IMG_1415For many of us, Spring Break offers a time to get away from it all, to find a remote beach, to bask in the warm glow of the coastal sunshine, to hear nothing but the crashing of powerful waves as they reach the shore.  While this sound is immense, it provides a delectable white noise that leaves one alone with one’s thoughts, an enjoyable solitude void of the bluster of everyday life’s trivialities.  In the education arena these days, white noise is necessary to allow those of us in the field to focus on our real mission: creating student learning and growth.  Talk of tax caps, the state’s failure to meet economic predictions, budget shortfalls, staff reductions, ISTEP+ scores, graduation rates, and races to the top are all topics of distraction.  While none of these issues is trivial, each takes away from the meaningful discussions about teaching and learning.

A few days back, as I waded through several educational blogposts, I ran across one that particularly intrigued me.  The topic was the new national educational technology plan, and the post suggested that the U.S. Department of Education had successfully created a vision for 21st century education.  I quickly followed the link to the document entitled “Transforming American Education: Learning Powered by Technology.”  As I opened the document and looked through it, I was metaphorically moved to a tropical paradise.  I read:

“The challenge for our education system is to leverage the learning sciences and modern technology to create engaging, relevant, and personalized learning experiences for all learners that mirror students’ daily lives and the reality of their futures. In contrast to traditional classroom instruction, this requires that we put students at the center and empower them to take control of their own learning by providing flexibility on several dimensions. A core set of standards-based concepts and competencies should form the basis of what all students should learn, but beyond that students and educators should have options for engaging in learning: large groups, small groups, and work tailored to individual goals, needs, interests, and prior experience of each learner. By supporting student learning in areas that are of real concern or particular interest to them, personalized learning adds to its relevance, inspiring higher levels of motivation and achievement.

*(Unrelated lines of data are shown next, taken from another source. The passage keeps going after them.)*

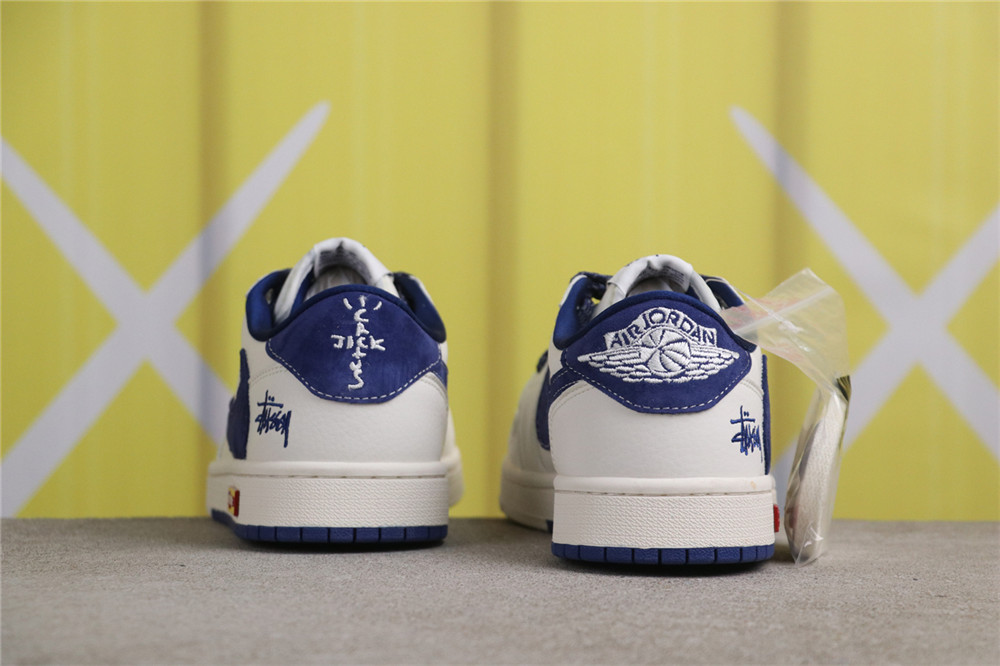 USD$53 Air Jordan 1 Low SJ2068-127 Supreme米蓝绿 Size 36-45（ 36 36.5 37.5 38 38.5 39 40 40.5 41 42 42.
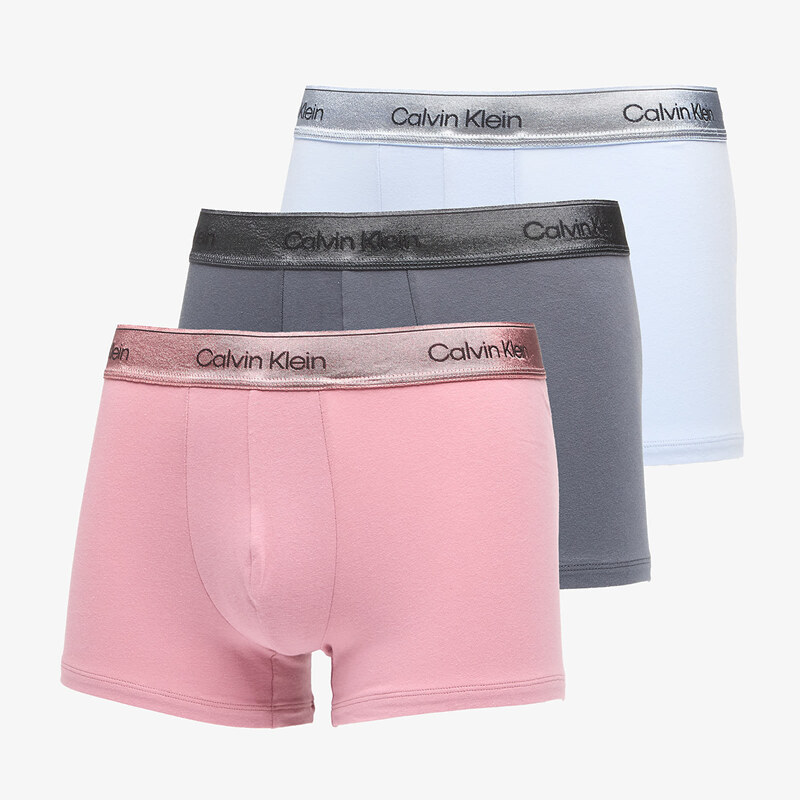 Trenírky Calvin Klein Trunk 3-Pack Pink M 68554748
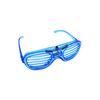 Slotted Novelty Sunglasses Plastic Shutter Frame Lightweight Eyewear for Costume Party Event Accessories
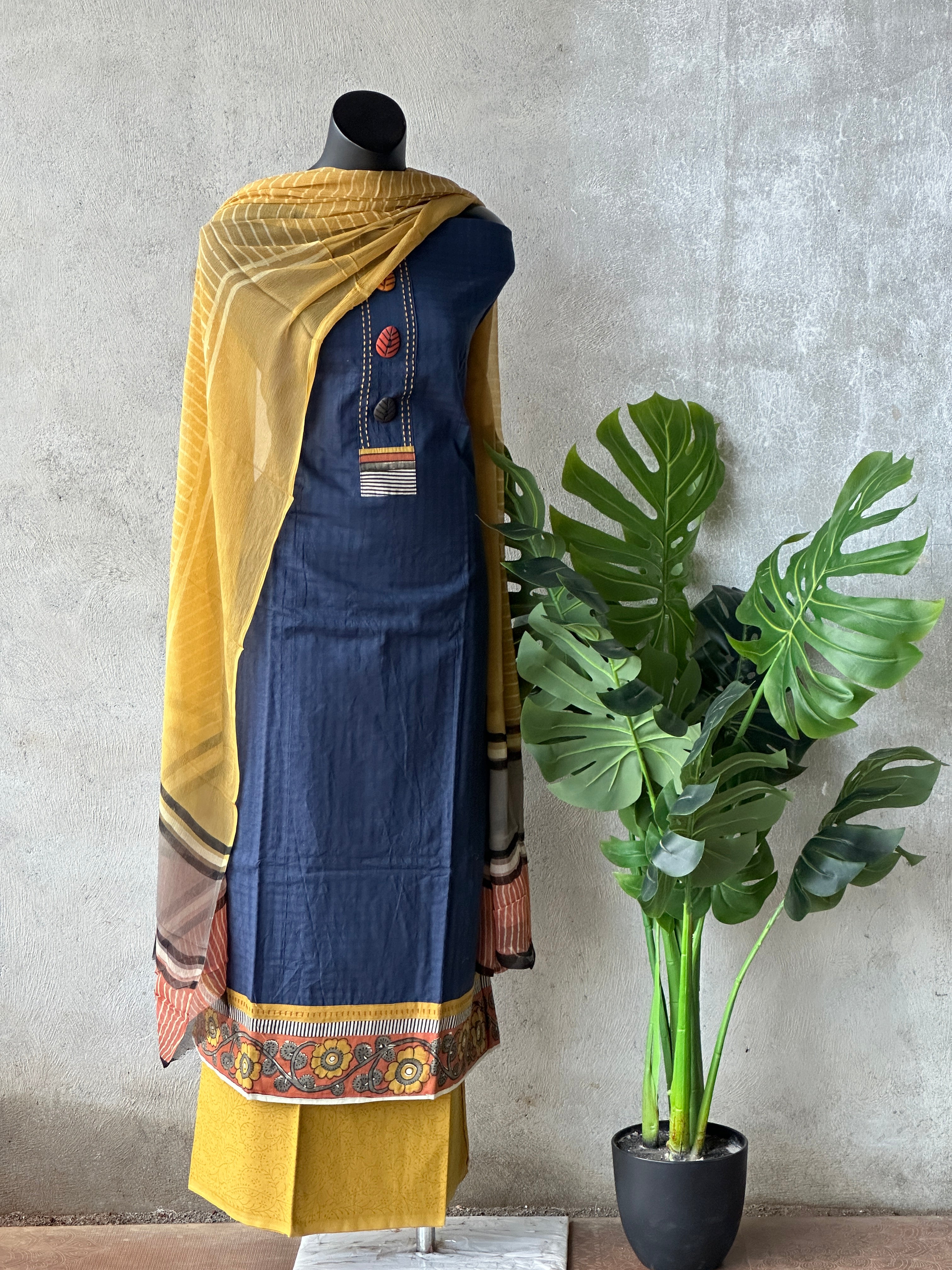 Cotton 44-45 Bagru Printed Dress Material, Size: Free Size at Rs 650/piece  in Jaipur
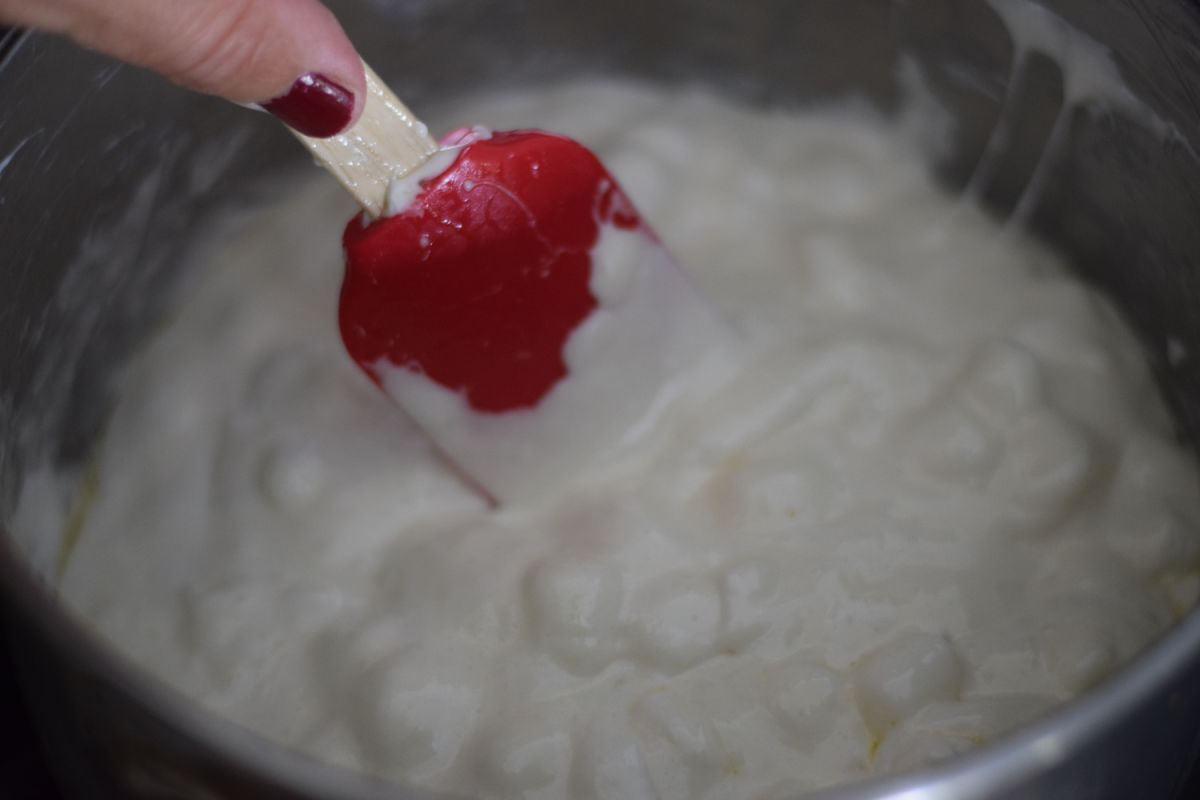 making rice krispies treats 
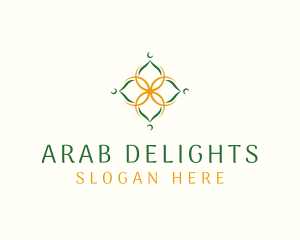 Arab - Arabic Floral Moon logo design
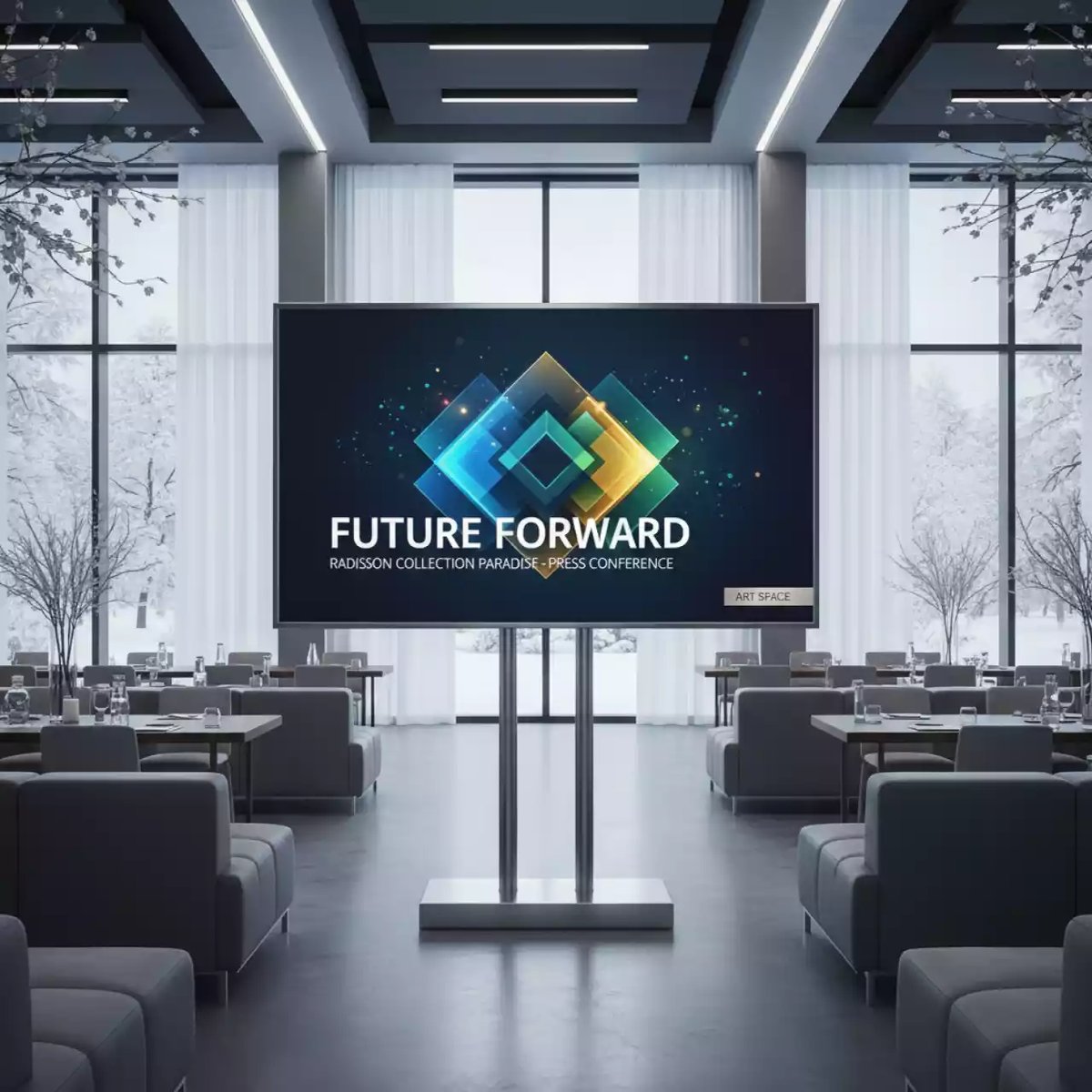 Аренда Панель Panasonic TH 55VF1HW в Radisson Collection Paradise — ART SPACE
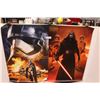 Image 6 : Star Wars Five Poster Lot - "The Force Awakens", "Troopers", "Danger", "Droids", "Comic"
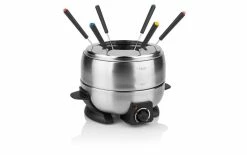 Tout neuf 🎁 Princess Service à Fondue Tout-en-un 800 Watt 7 Pièce/s, Noir/Argenté - Kit De Fondue 😉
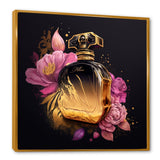 Chic Black And Gold Perfume Bottle V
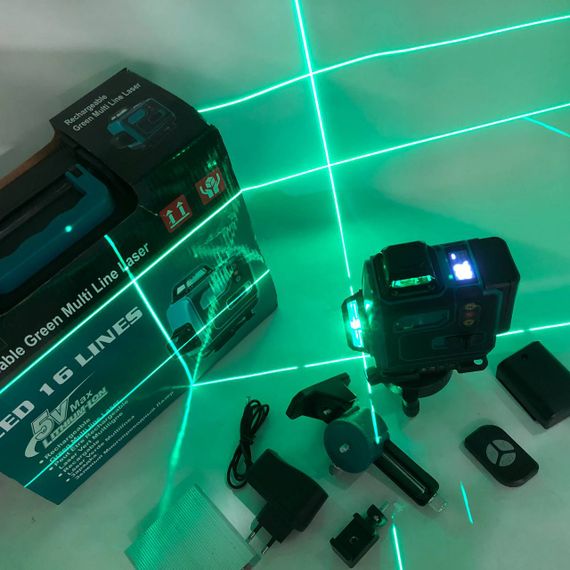 Лазерний рівень 4D з автовирівнюванням Laser 4D, Професійний оптичний нівелір, Лазерний нівелір 360 HX-24 | Зображення 2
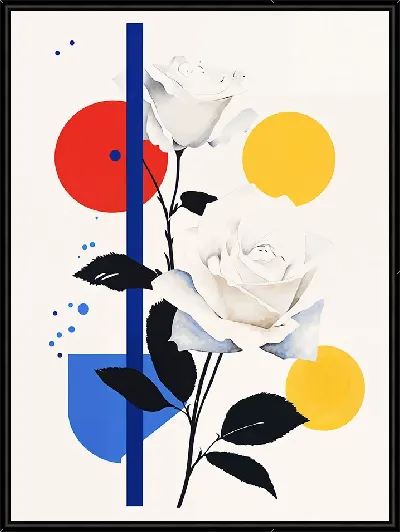 Картина Белые розы №104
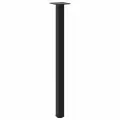 Pieds de table basse 4 pcs noir 72-74 cm acier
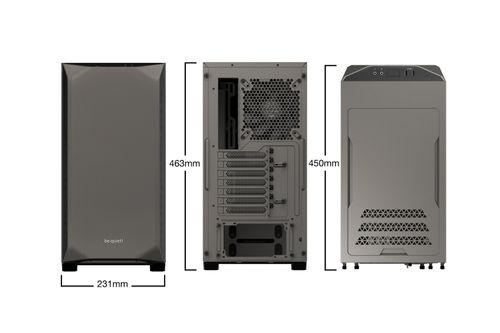 BE QUIET! Pure Base 500, metallic grey, ATX, M-ATX, mini-ITX case (BG036)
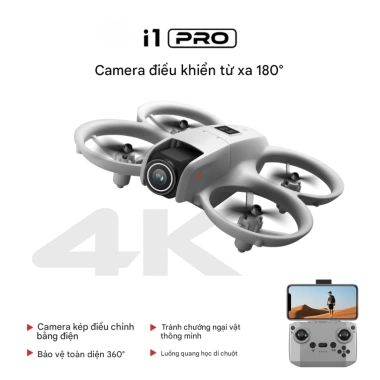Flycam I1 Max gập gọn 4K - Drone nhào lộn, điều khiển qua điện thoại, 650.000đ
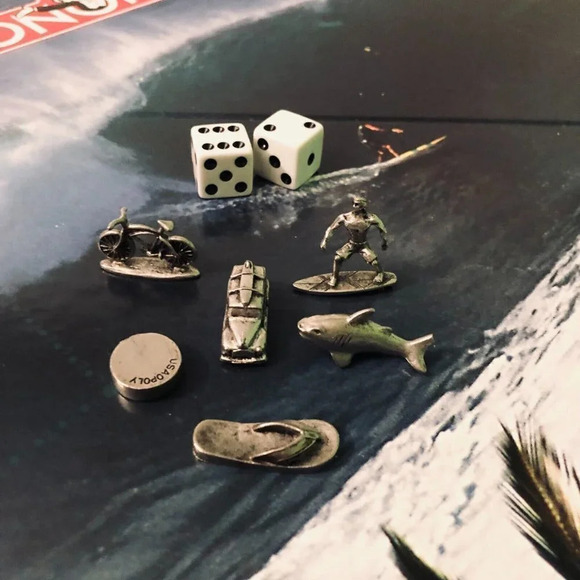 2003 Monopoly Surfing Edition Board Game Complete - Picture 7 of 16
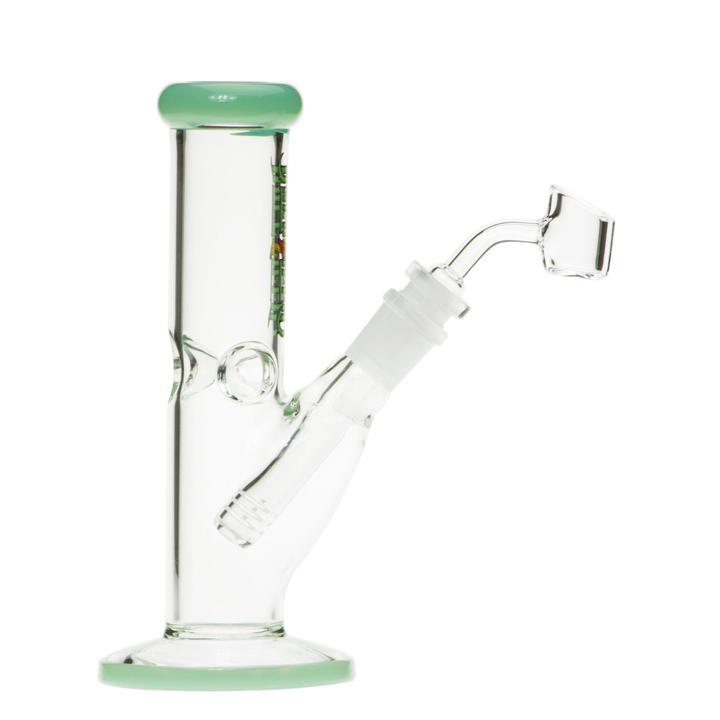 Dopezilla-Minilla-Water Pipe-With Quartz Banger 7.5 Inch-1 Count (Various Colors) Flower Power Packages 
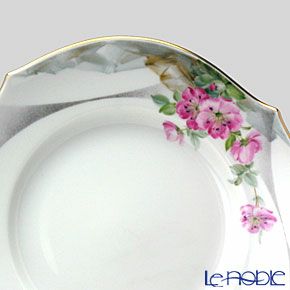 マイセン（Meissen） アルペンフローラ 616090／28470／04 プレート 19cm Motiv No.4 アルペンローズ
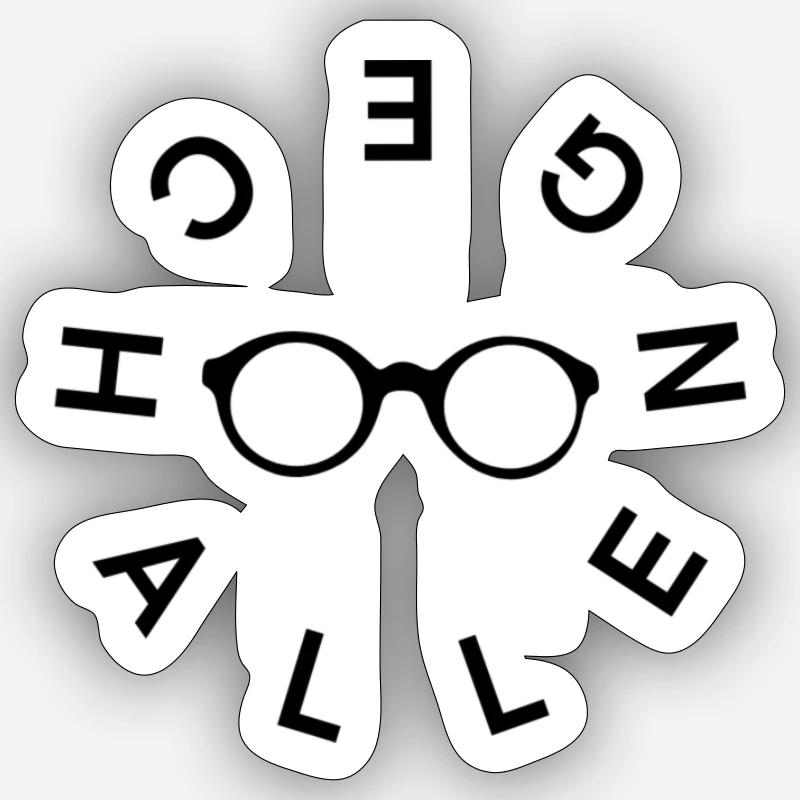 Défi 2024 accepté Sticker taille S (10 x 10 cm)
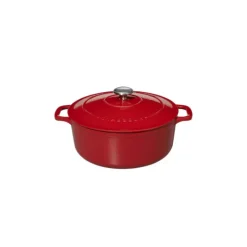 Cocotte En Fonte*CHASSEUR Cocotte en Fonte Ronde 24 cm Rouge
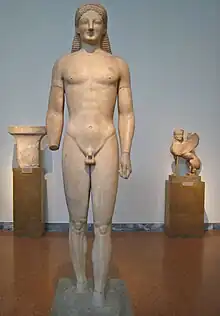 Athens, Kouros from Merenda.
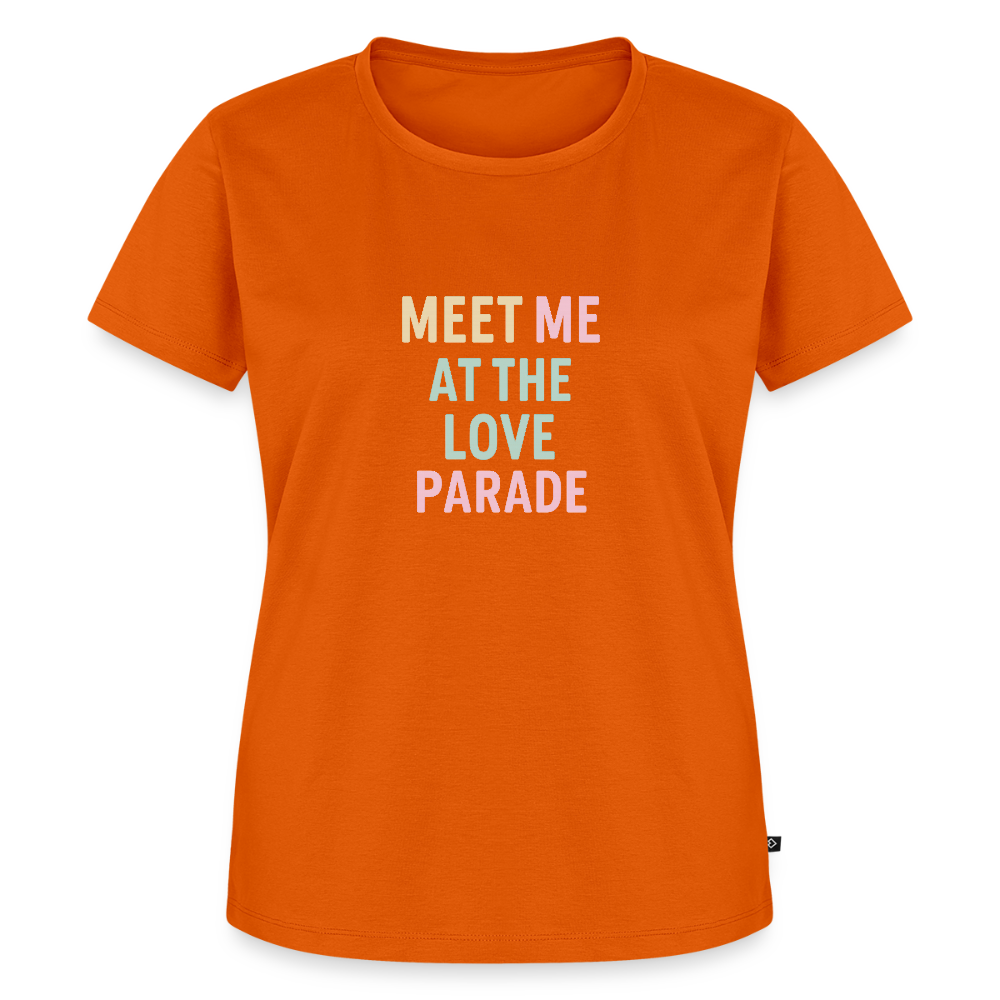 Frauen Premium T-Shirt "loveparade" - Orange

“In addition, technology provides access to more learning resources than are available in classrooms and connections to a wider set of “educators,” including teachers, parents, experts, and mentors outside the classroom. On-demand learning is now within reach, supporting learning that is life-long and life-wide.”   

I remember where I was when ordinary citizens took sledge hammers to the Berlin Wall, when the space shuttle Columbia tragically exploded during its ascent, and when the Colts beat the Patriots on the way to winning the Super Bowl.  Similarly, I believe I will always remember the day when our nation’s DOE recognized the need to employ all of the tools available to us in making our classrooms relevant and meaningful, and in order to structure learning based on an individual student’s needs, abilities, and interests.  I am thrilled that the technology plan for the nation’s schools sees technology use as a means to an end, not as a goal in and of itself.  I am elated that technology is not viewed as a one-way delivery system for one-size-fits-all content, but rather as a vehicle to differentiated content and as an instrument to create meaningful, relevant, and connected student work.

I am also proud that Zionsville Middle School is well down this road.  Oftentimes a document such as this one produces as thought such as, “Well, that sounds great, but how would we ever make that work?”   Thanks to a supportive community and a visionary, hard-working teaching staff, Zionsville Middle School is tasking itself not just with making it work, but with making it the best it can be for the benefit of our students.

May you enjoy your Spring Break, and find relaxation and happiness whatever your endeavor.  The knowledge that your child’s school embodies in the present what others envision for the future may not be your equivalent to a tropical island getaway, but I do hope it can provide some white noise amidst the dour education headlines of the day.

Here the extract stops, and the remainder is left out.